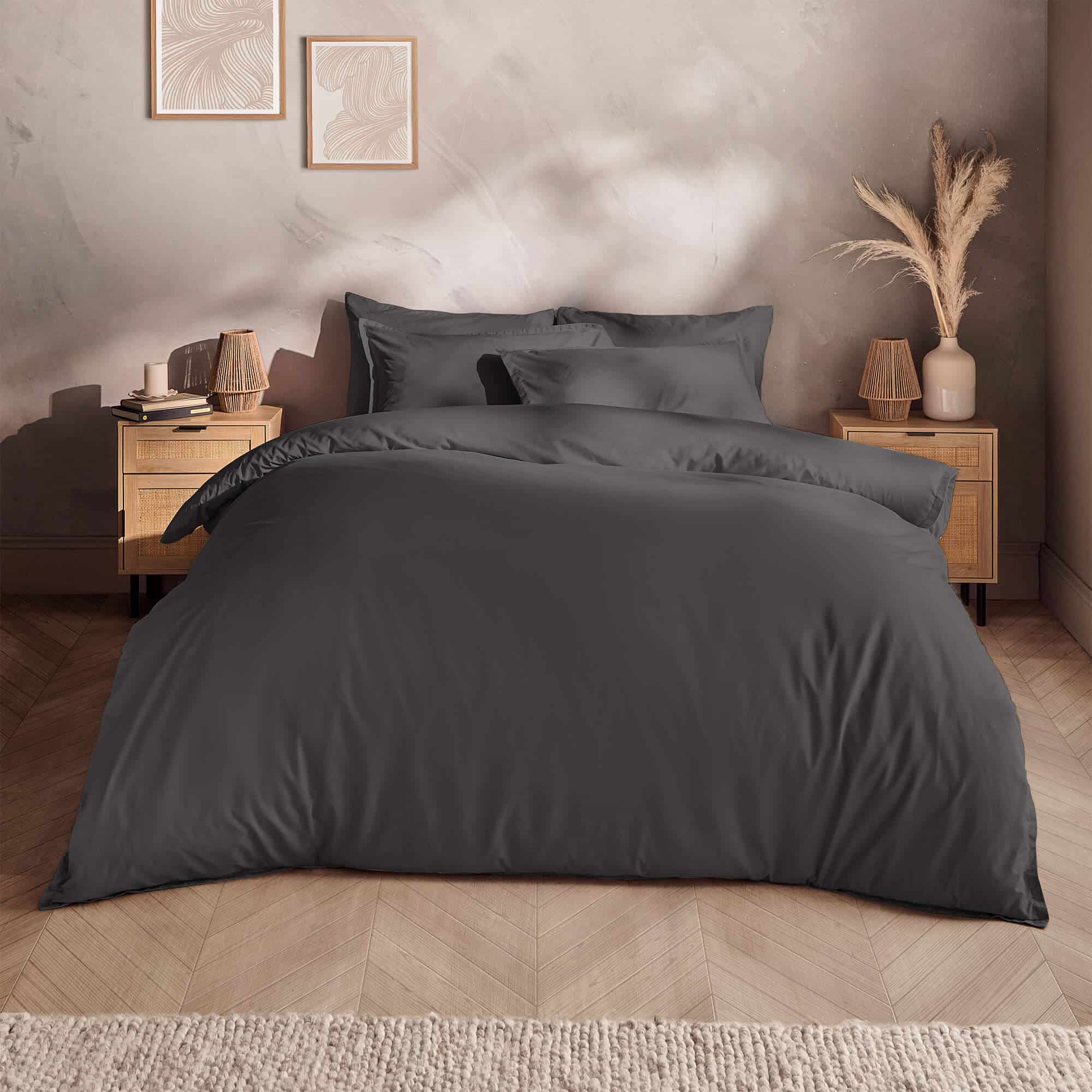 Silentnight Washed Cotton Rich Charcoal Duvet Set-image-594448GE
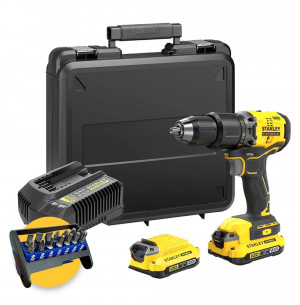 Stanley FatMax SFMCD715D2K - Trapano avvitatore con percussione 2 batterie 2.0Ah 18V 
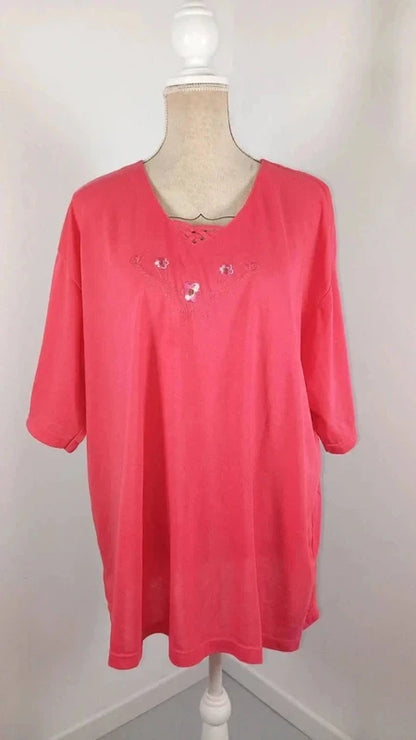 Lovely Coral/Pink Short Sleeve T-shirt - "Hoang Collection" XXXXL - Embroidery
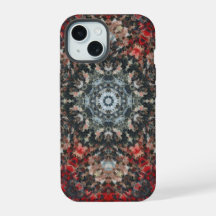 Digital Mandala Rot und Weiß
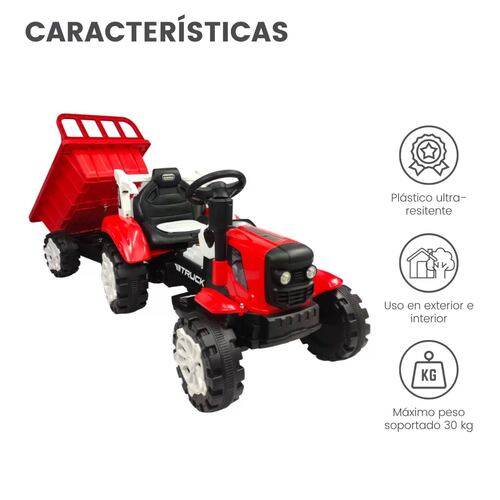 Tractor Montable Electrico con Remolque Control Remoto  - Rojo.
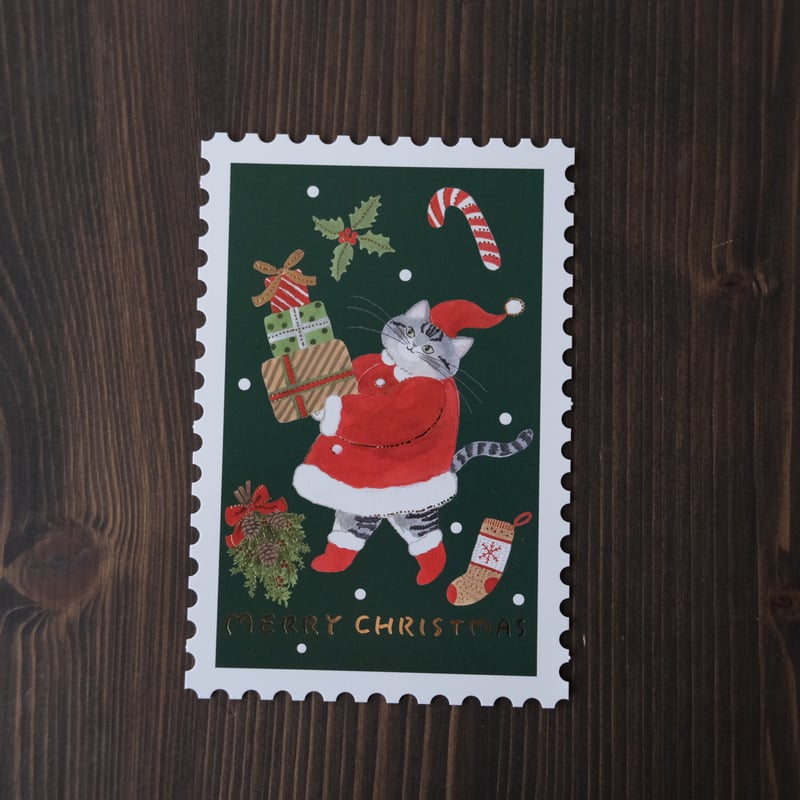 デミカツ サイン デミカ クリスマスポストカード デミカツ サイン デミカ クリスマスポストカード トミタマミ / 切手型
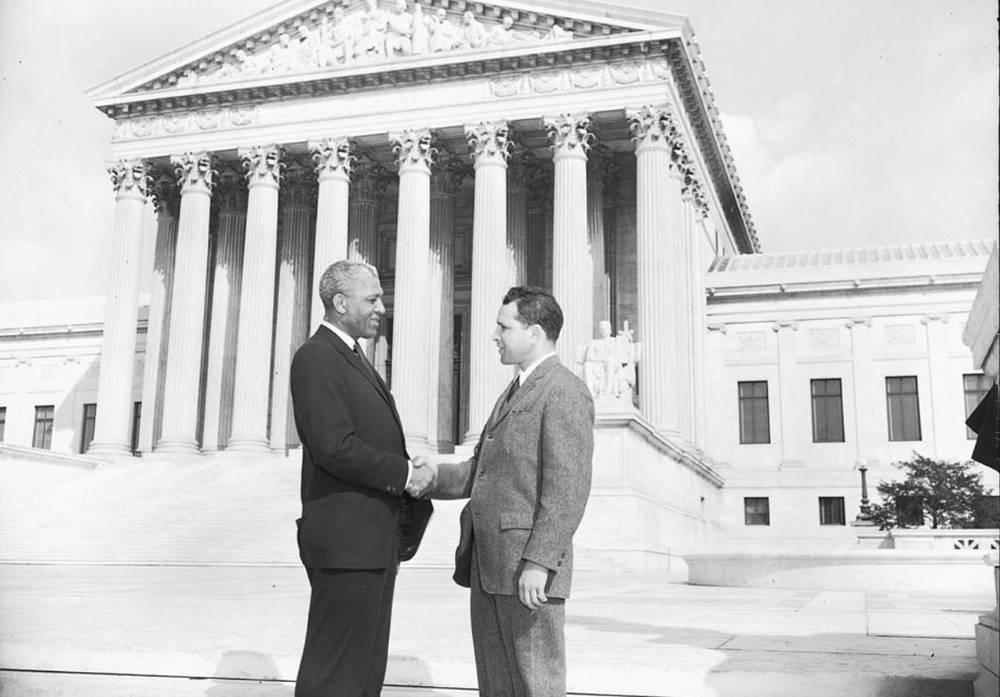 NEW NEGRO ALLIANCE FOUNDER BELFORD LAWSON (LEFT) OUTSIDE THE UNITED STATES SUPREME COURT, 1960 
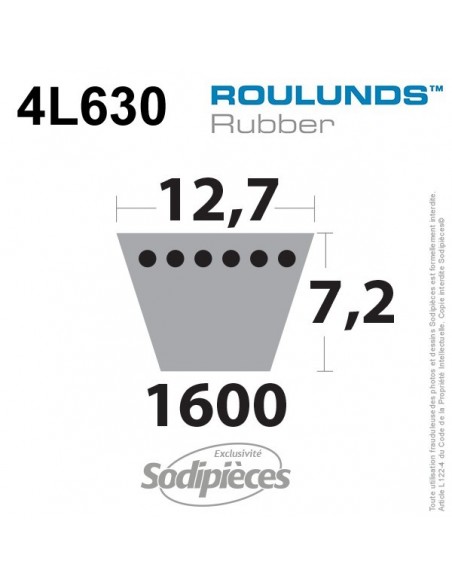 Courroie tondeuse 4L630 Roulunds Continental 12,7 x 7,2 x 1600 mm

------

**THE TASK**
Write out exactly, and only, the lines running from the line with "Tractor Montable Electrico" to the last line above, both included, with all pictures omitted.

**EXERCISE ANSWER**
 Tractor Montable Electrico con Remolque Control Remoto  - Rojo.
 デミカツ サイン デミカ クリスマスポストカード デミカツ サイン デミカ クリスマスポストカード トミタマミ / 切手型
 NEW NEGRO ALLIANCE FOUNDER BELFORD LAWSON (LEFT) OUTSIDE THE UNITED STATES SUPREME COURT, 1960 
 Courroie tondeuse 4L630 Roulunds Continental 12,7 x 7,2 x 1600 mm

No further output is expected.